I never watch Idol, but to be honest the only reason that I would be remotely interested in Idol is to watch Simon. Without him they've just got three people who either say "YOU ROCK" or "that was okay". Simon actually tells people they suck.

Nevertheless, Idol is finally dead once he leaves.


----------



## departuresong (May 2, 2010)

Idol's getting its lowest ratings ever this season... even lower than its first season. It's been a good run, but I don't think we'll see another American Idol season.

Paula will likely be returning with Simon in the American version of _The X Factor_, so I'm not really disappointed. ;3


----------



## Blastoise Fortooate (May 2, 2010)

If he must go, Morgan Freeman.


----------



## Karkat Vantas (May 2, 2010)

They should hire that Jonathan Schwartz guy from NPR. He'd drone on and on about how great Frank Sinatra is for hours on end instead of talking to the singers, thus encouraging people to change the channel and watch a television show that doesn't suck.


----------



## Tarvos (May 3, 2010)

Idol is a bad show guys


----------



## Diz (May 3, 2010)

Blastoise said:


> If he must go, Morgan Freeman.


This.

They replaced Paula with a totally random person who has really no clue about music, so I think that they should do the same with Simon.

Plus Morgan Freeman rocks


----------



## Tailsy (May 3, 2010)

I love that you guys think Simon Cowell is awesome, wtf.


----------



## departuresong (May 3, 2010)

He's a piece of work but we love him anyway.


----------



## Butterfree (May 3, 2010)

Vicious critics criticizing other people are entertaining. Of course everybody loves him.

I don't actually watch American Idol, but since I know that much, they should replace him with somebody else who can take over the vicious critic role and do it with style.


----------



## Ether's Bane (May 3, 2010)

Axl Rose. He's the only one in the music industry that I can think of who would have the balls to really let loose on bad performances on this stage.


----------



## Vipera Magnifica (May 3, 2010)

Without Simon, the show will suck... it's his honest, often harsh analogies that make the show believable.
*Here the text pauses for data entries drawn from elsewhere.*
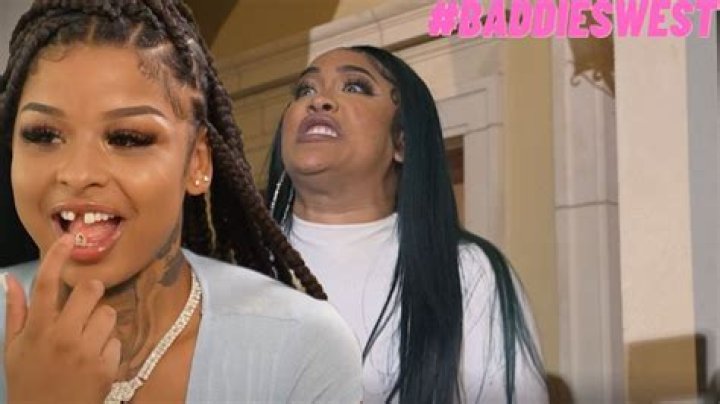 Natalie Nunn Rants Against Chrisean Rock for Slapping Her During IG Live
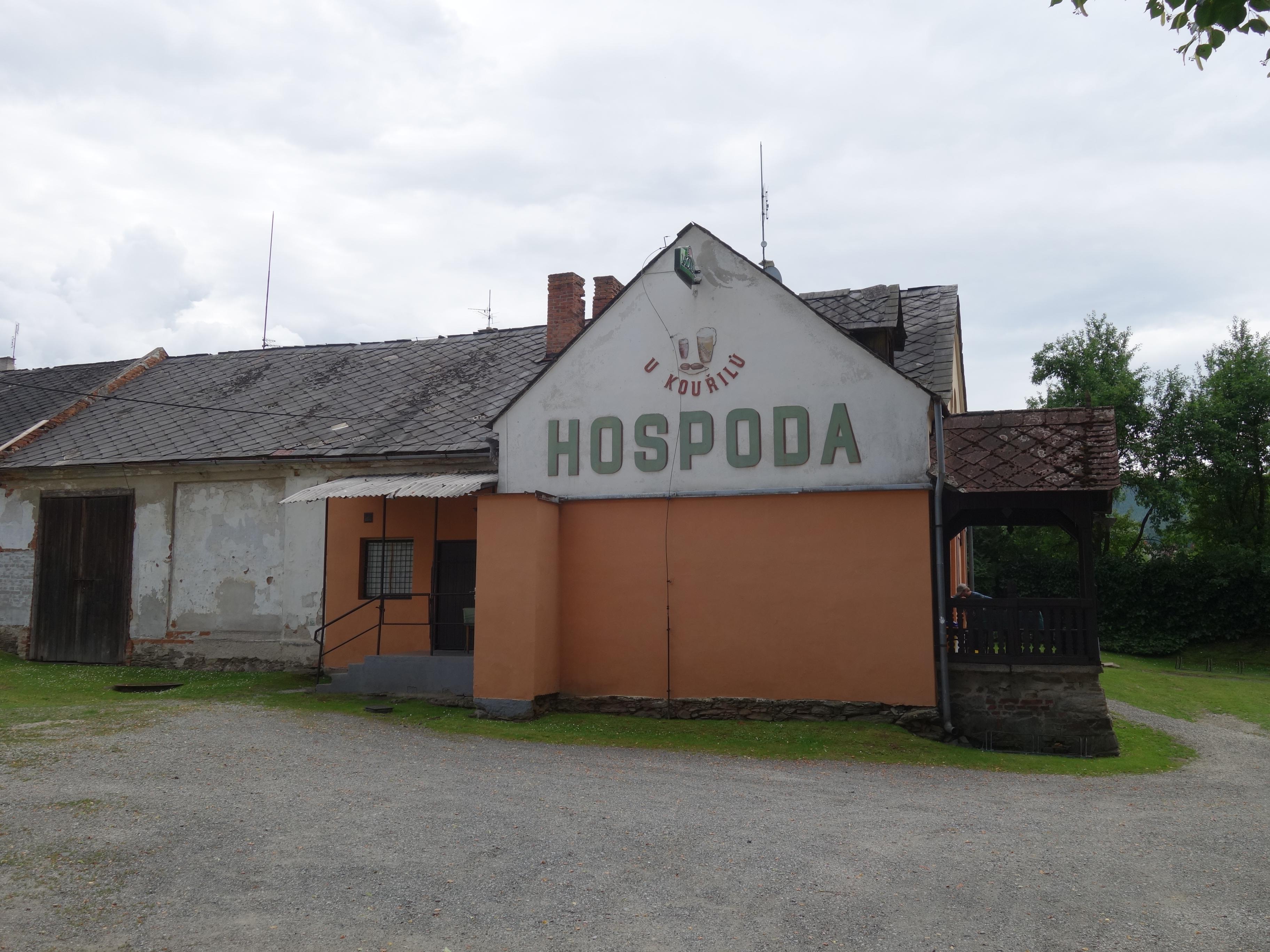 Hospoda U Kouřilů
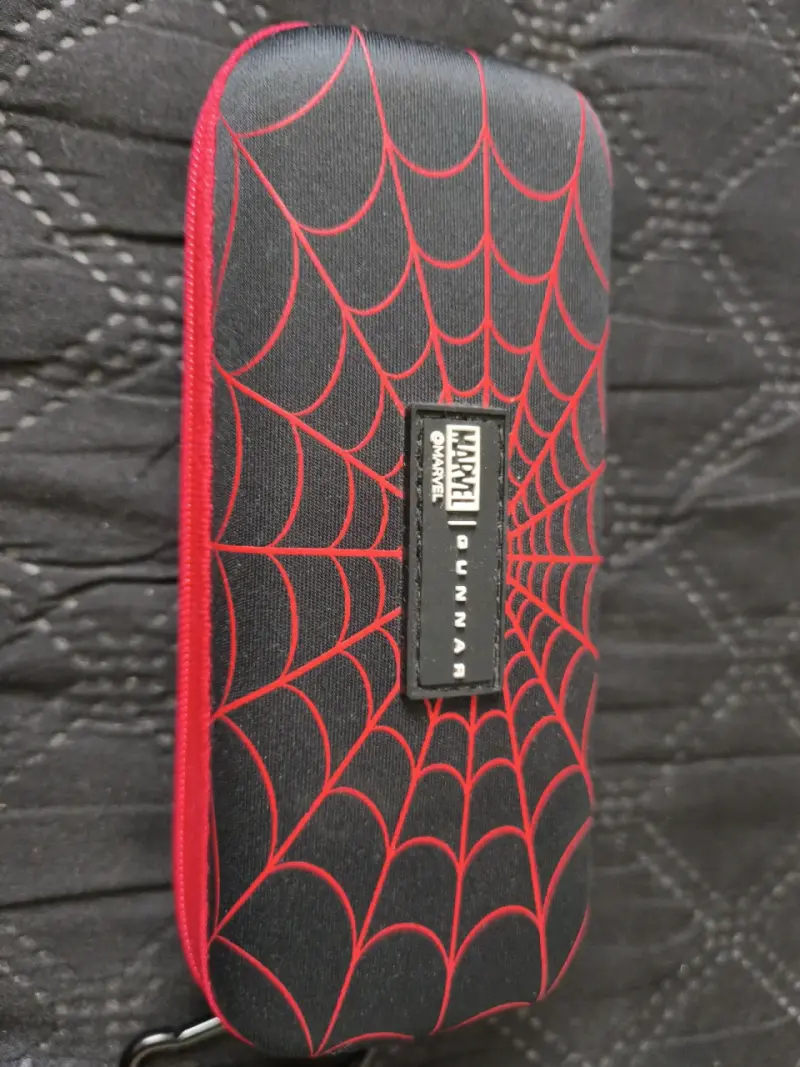 Gafas Gunnar Spider-Man Miles Morales con estuche - 3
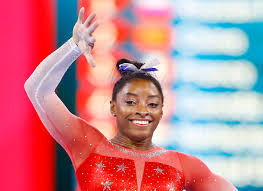 World floor exercise gold medalist. Simone Biles Docuseries Set At Facebook Watch Ahead Of Tokyo Olympics Deadline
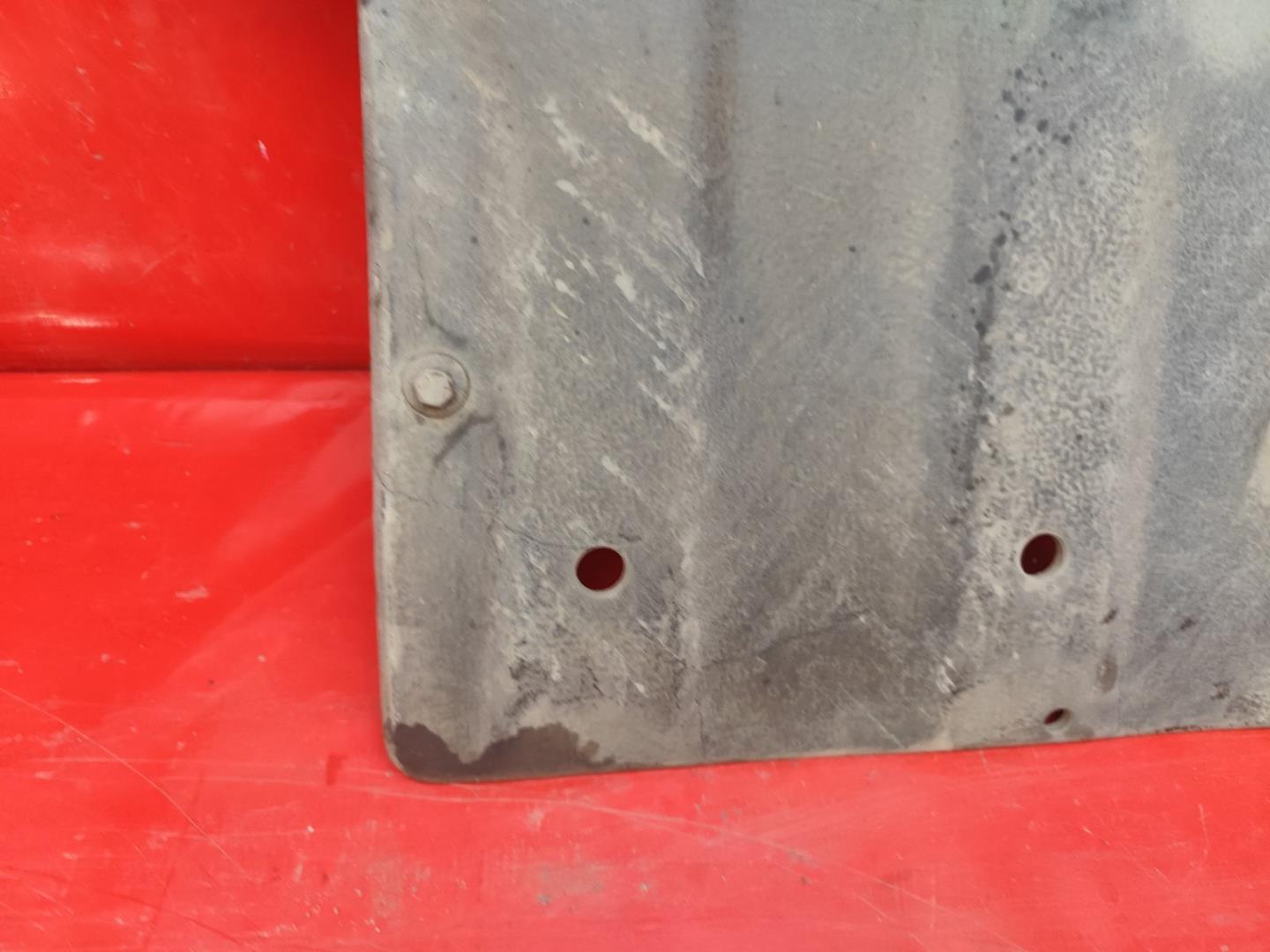 Защита картера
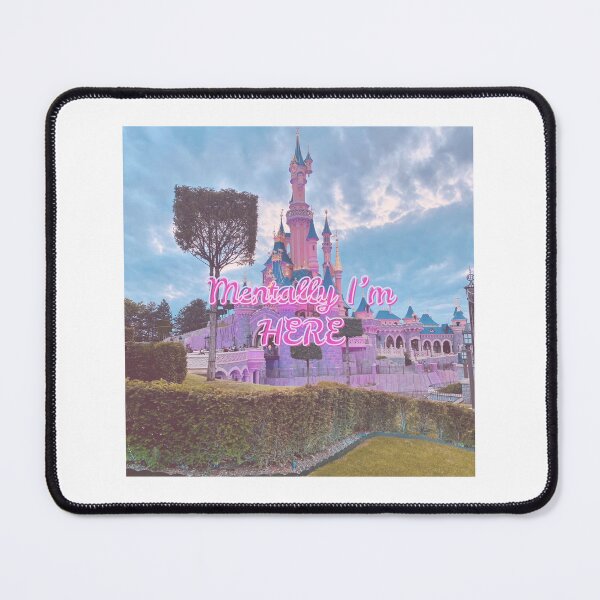Item preview, Mentally I'm here designed and sold by Cometeshop.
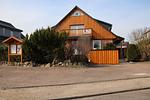 Hauptansicht - Haus Heckenrose Whg. 5 EG - Top-Hundeurlaub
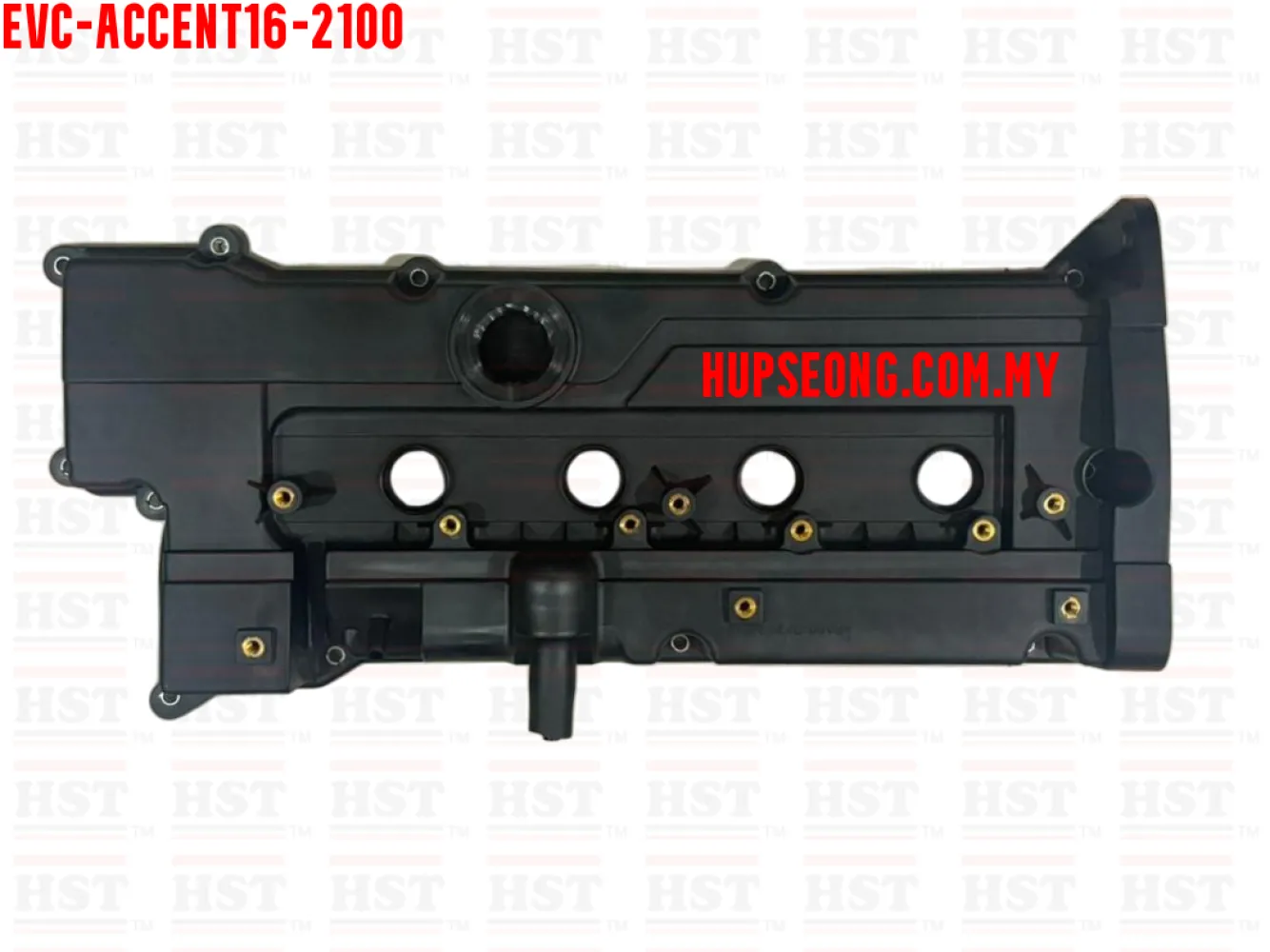 22410-26860 ACCENT 1.6 VALVE COVER PVC (EVC-ACCENT16-2100)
How about replacing him with Chuck Norris? That would be interesting.


----------



## SonicNintendo (May 3, 2010)

Zangviper said:


> Without Simon, the show will suck... it's his honest, often harsh analogies that make the show believable.
> 
> How about replacing him with Chuck Norris? That would be interesting.


That's always amazing...
Guy: Can I sing another song?
Chuck Norris: NO! *Roundhouse Kick*

Anyway, they rumored at Howard Stern, but I don't know.  I hear things about him.


----------



## Tailsy (May 3, 2010)

Butterfree said:


> Vicious critics criticizing other people are entertaining. Of course everybody loves him.


_Pffffffffffffffft_!

Vicious. I could be more vicious than that, and I'm 5'2" and a DD-cup with no high-waisted trousers :(


----------



## Minish (May 3, 2010)

I haven't seen American Idol but from what I can tell of his appearances on the X Factor and BGT he's far from vicious. He's the only one who is ever realistic.

He's just always put with big irritating softies to make him look really critical, but he's barely harsh at all.


----------



## Vipera Magnifica (May 3, 2010)

Here's a better situation.

The singer must stand in front of an open well and sing a song, and if King Leonidas likes it, he _won't_ kick them in.

We'll call it "Spartan Idol"


----------



## Chopsuey (May 3, 2010)

Only one man can do it. 

*OZZY OSBOURNE.* YEAH. Bow down, mortal fools.


----------



## Blastoise Fortooate (May 3, 2010)

I heart the previous two posts.


----------



## Lili (May 3, 2010)

I VOTE JOHN WILKES BOOTH
....
OR AARON BURR


----------



## SonicNintendo (May 5, 2010)

ozzy osbourne seems like a solid fit.  yay censorship?


----------